La prima giornata internazionale delle Bambine vuole essere
un megafono per chi non ha voce ma anche per chi, in assenza di strumenti, sta
cercando di urlare più forte che può. Malala e Sahar, a modo loro, ce l’hanno
fatta. Pochi giorni fa le mamme di Timbuctu hanno portato in piazza anche le
figlie per protestare contro gli abusi dei miliziani di al Qaeda da aprile al
potere in Mali. Dai campi profughi siriani come quello di Zaatari, al confine
con la Giordania, poche coraggiose hanno iniziato a denunciare la pratica del
sutra (in arabo “matrimonio di copertura), attraverso la quale i genitori fanno
sposare con paganti uomini anziani le figlie, spesso al di sotto dei 14 anni,
con il pretesto di salvare loro l’onore. Accadeva già nei campi profughi
iracheni alla periferia di Damasco almeno fino a 4 anni fa, quando facoltosi
sceicchi del Golfo andavano a scegliersi le più bisognose tra le vergini. In Yemen,
patria della premio Nobel per la PaceTawakkul al-Karman, un recentissimo
rapporto di Human Rights Watch riporta i dati del 52% delle bambine sposate
prima dei 18 anni e del 14% prima dei 15 anni.

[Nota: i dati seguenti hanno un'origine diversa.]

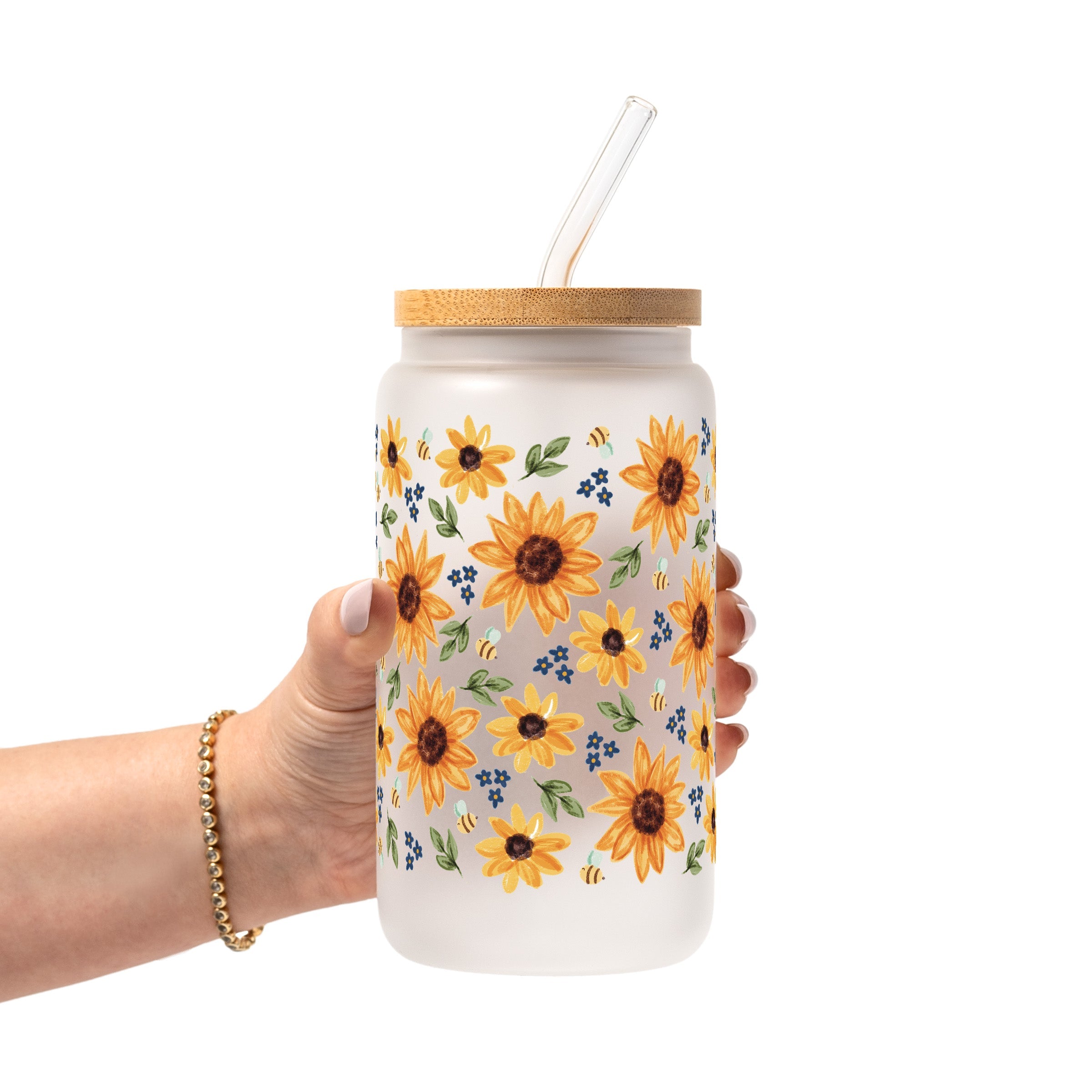 Sunflower With Bees Glass Cup, Mug & Tumbler with Lid and Straw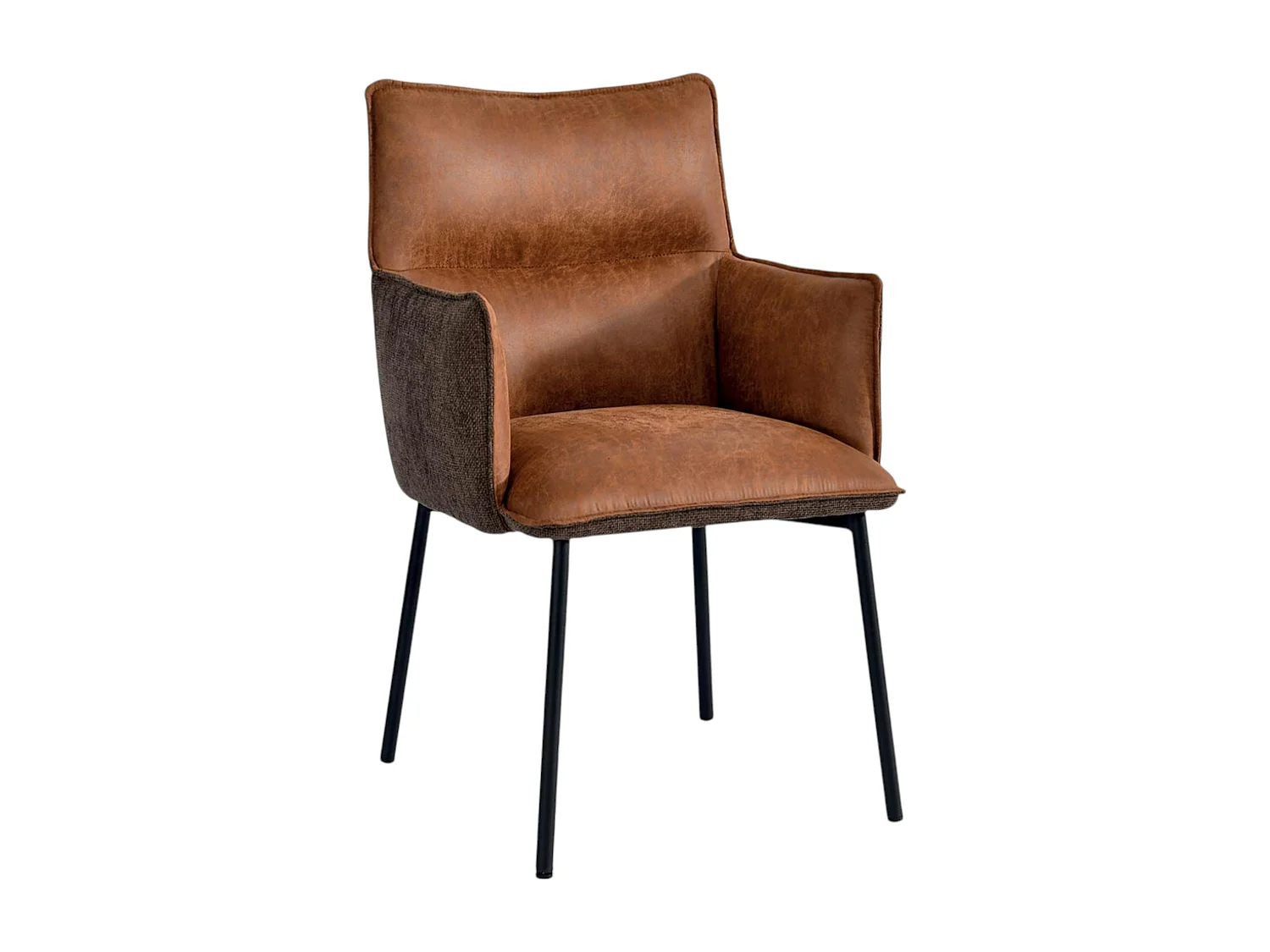 Chaise de salle à manger bi-matière marron (lot de 2) KERALA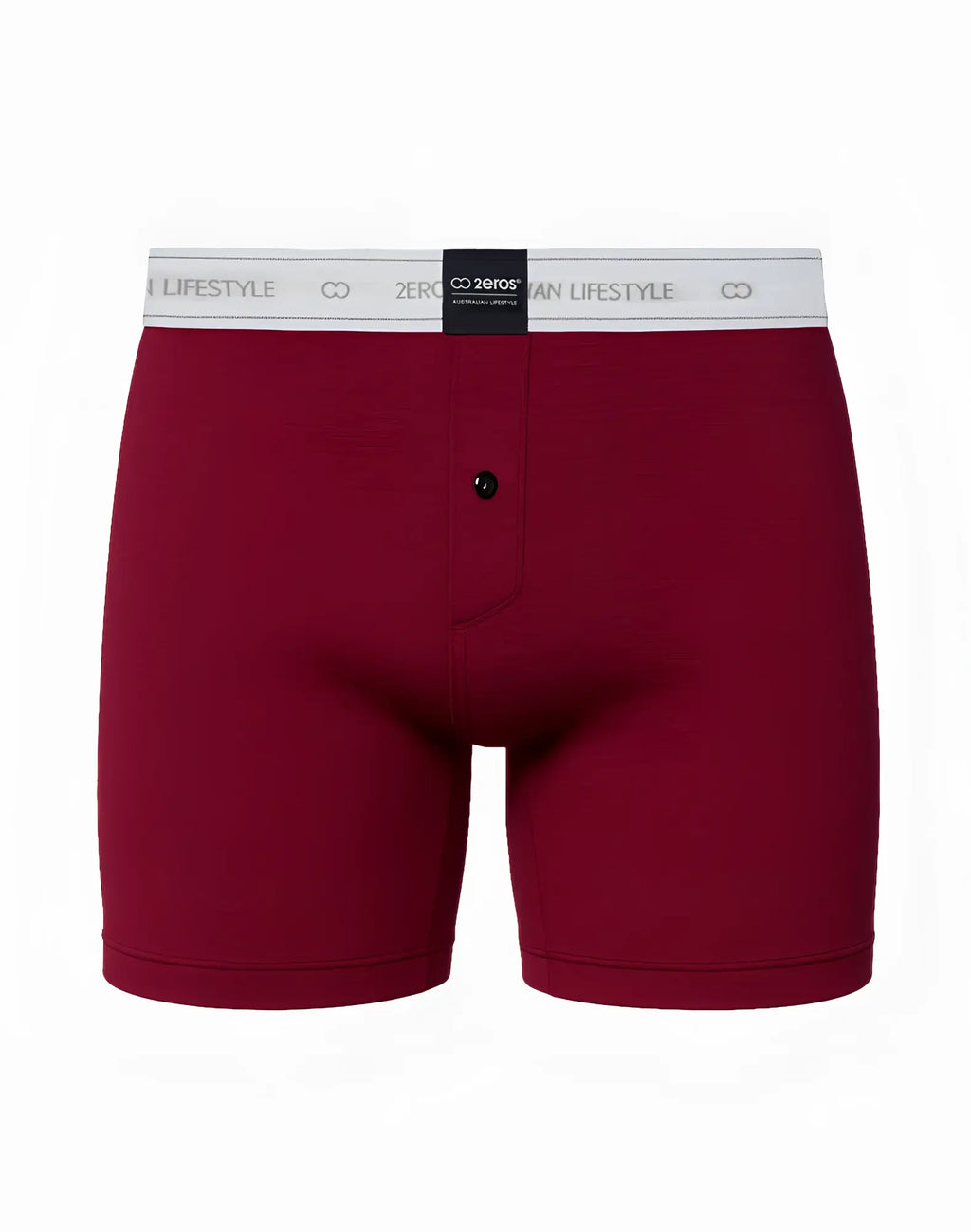 Maroon 2eros ls10 core series lounge boxer shorts with white lifestyle zero co2 waistband and black front button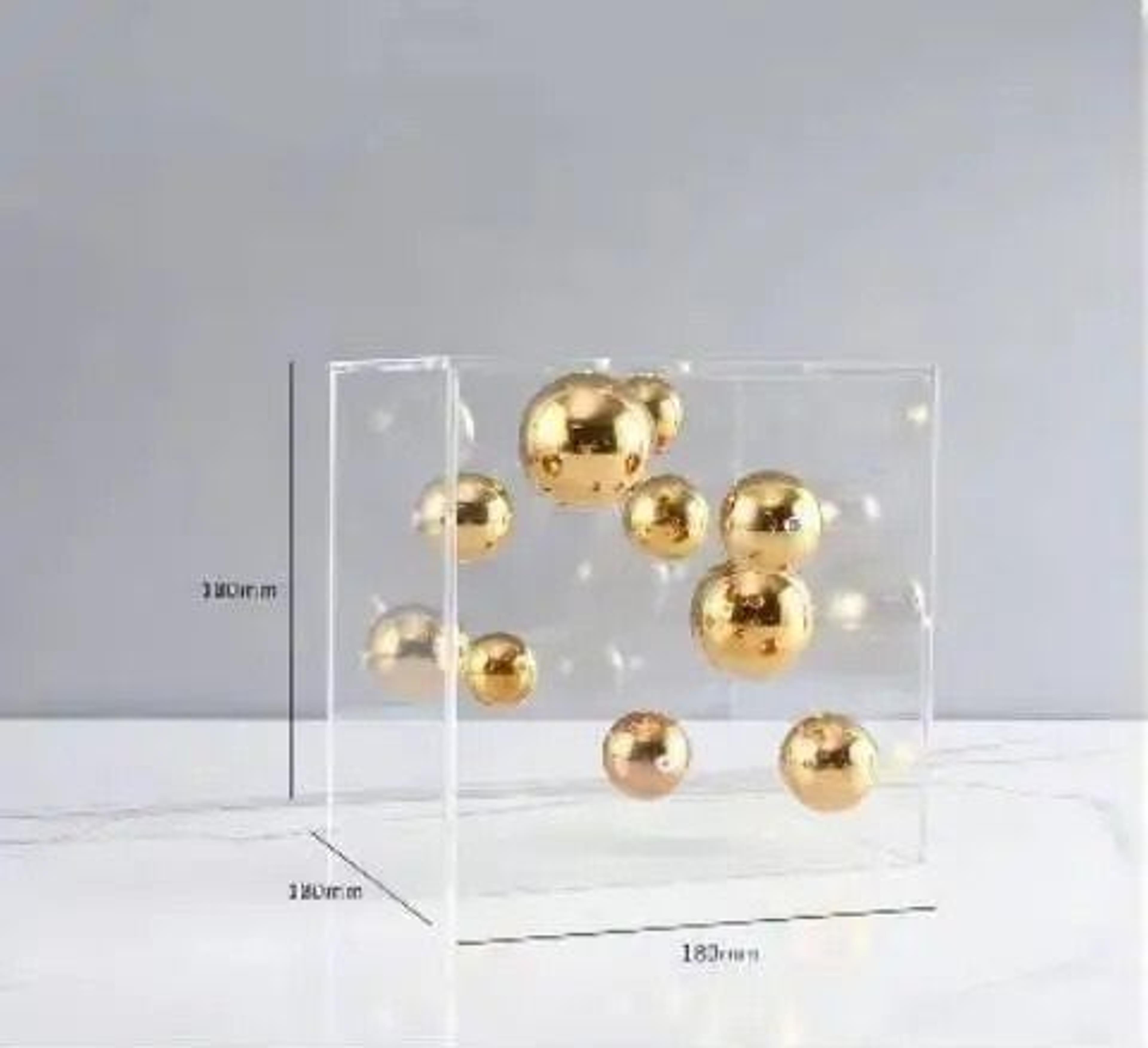 Modern Geometric Clear Acrylic Cube  Sphere Display Sculpture 11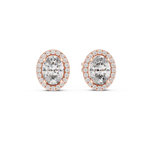 Gold 1Ct Oval Halo Lab Grown Diamond Orvella Earring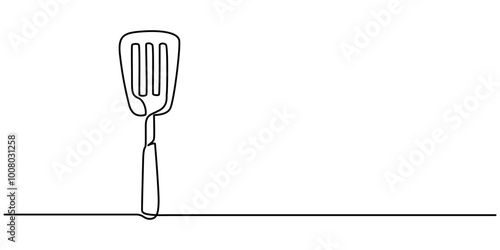 Continuous one line drawing of a kitchen spatula. Cooking spatula isolated on a white background. Vector illustration, Spatula. Icon. Vector drawing. One line art. A simple drawing of a continuous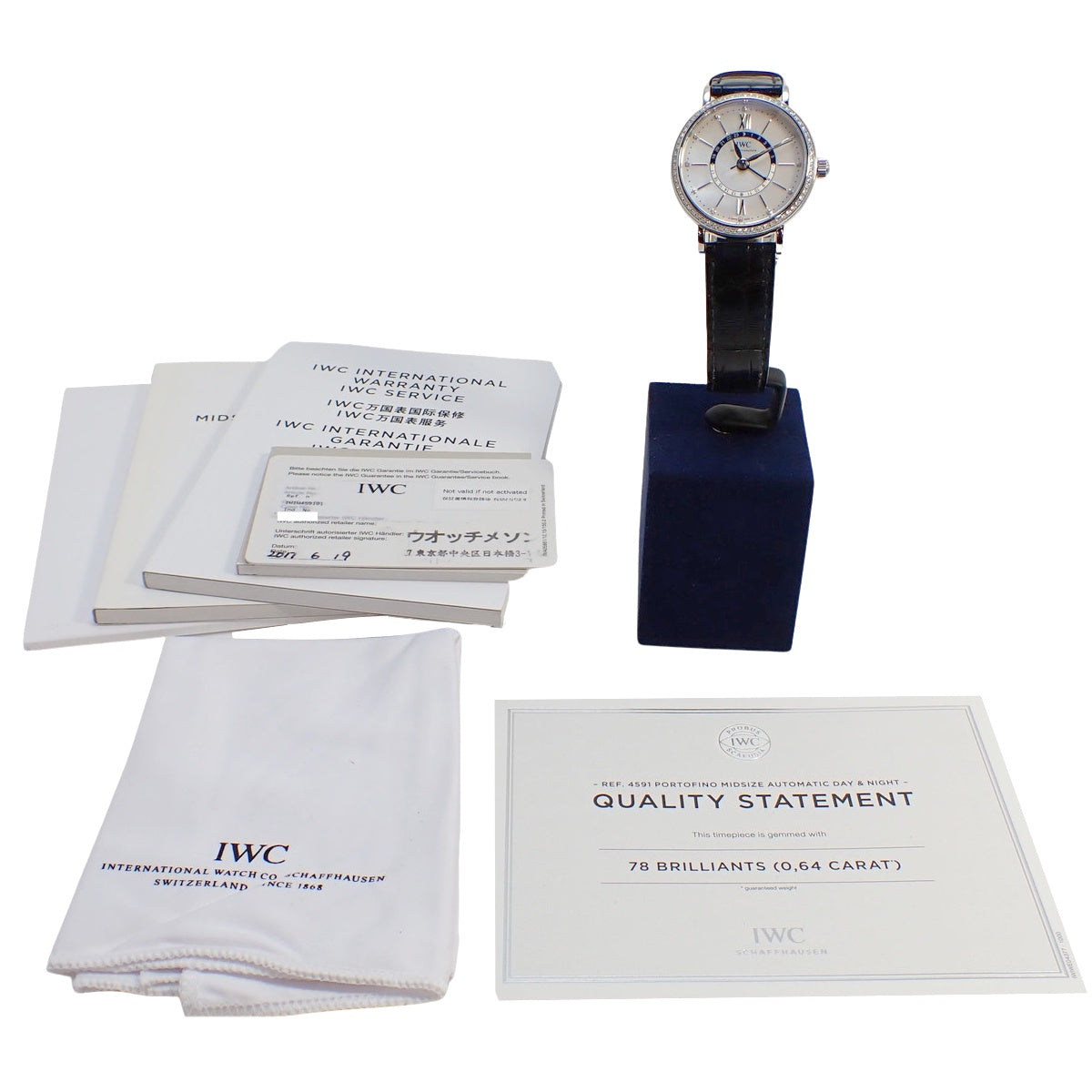 Portofino 中号日夜显示表圈镶钻 IW459101 不锈钢/皮革表带 白色表壳 表盘 12点镶钻刻度 自动男士腕表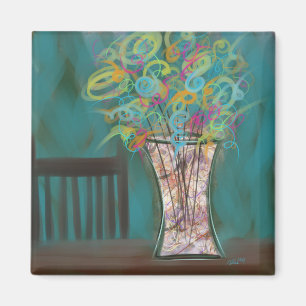 Aimant Chaise avec Bouquet Expressif Art original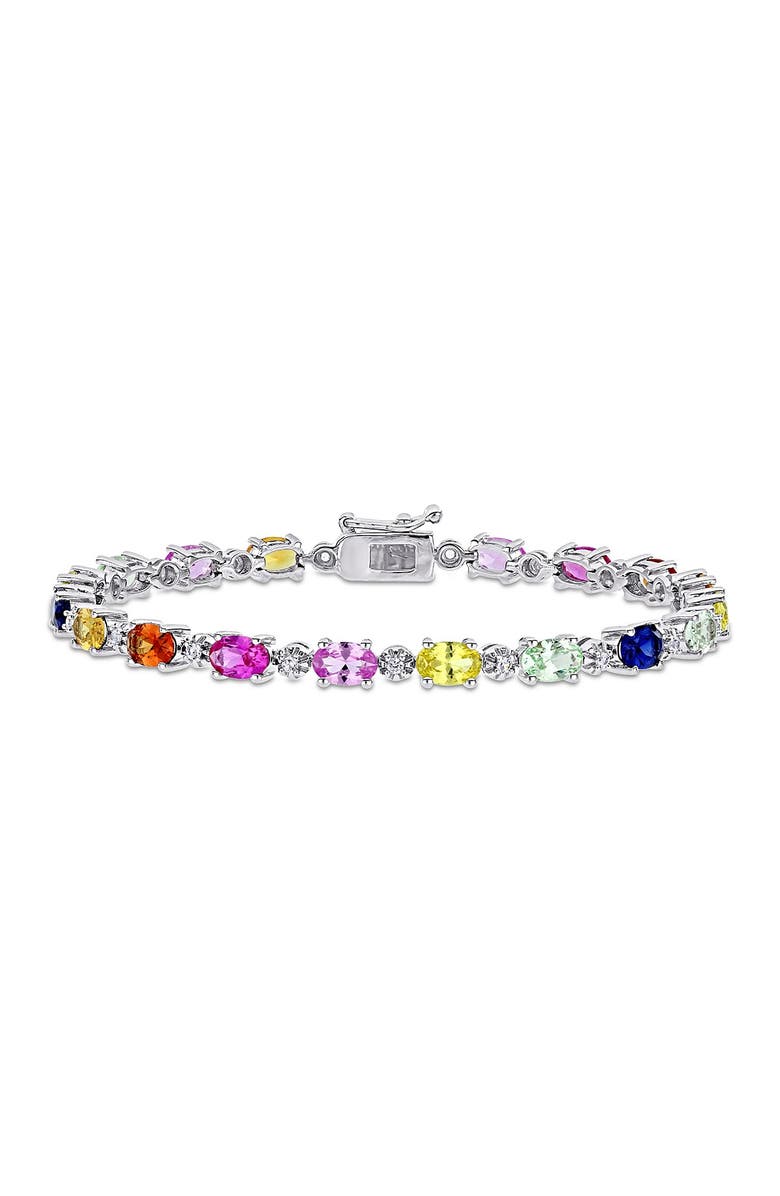 DELMAR Sterling Silver Multicolor Sapphire Bracelet, Main, color, 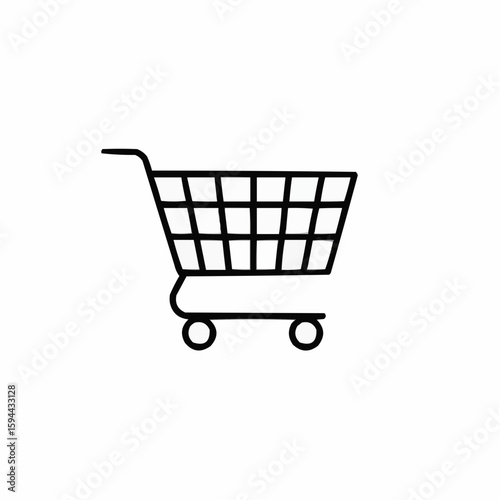 Outline of a shopping cart on a clean background for retail and e-commerce themes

La globalizzazione accende i riflettori sugli angoli più
remoti del mondo ma non ne attenua la violenza. I cambiamenti culturali seguono
con estrema lentezza quelli politici, quando per reazione non se distanziano
addirittura. Per questo è particolarmente importante seguire cosa accade in
Egitto, paese leader della primavera araba e avanguardia della transizione allo
sviluppo (o, potenzialmente, pietra tombale di ogni ambizione democratica),
dove nei prossimi mesi si discuterà la nuova Costituzione e gli articoli più
controversi come l’articolo 29, con il quale gli estremisti islamici del
partito salafita Nur vorrebbero abbassare l’età del matrimonio per le donne da 18 a 9 anni.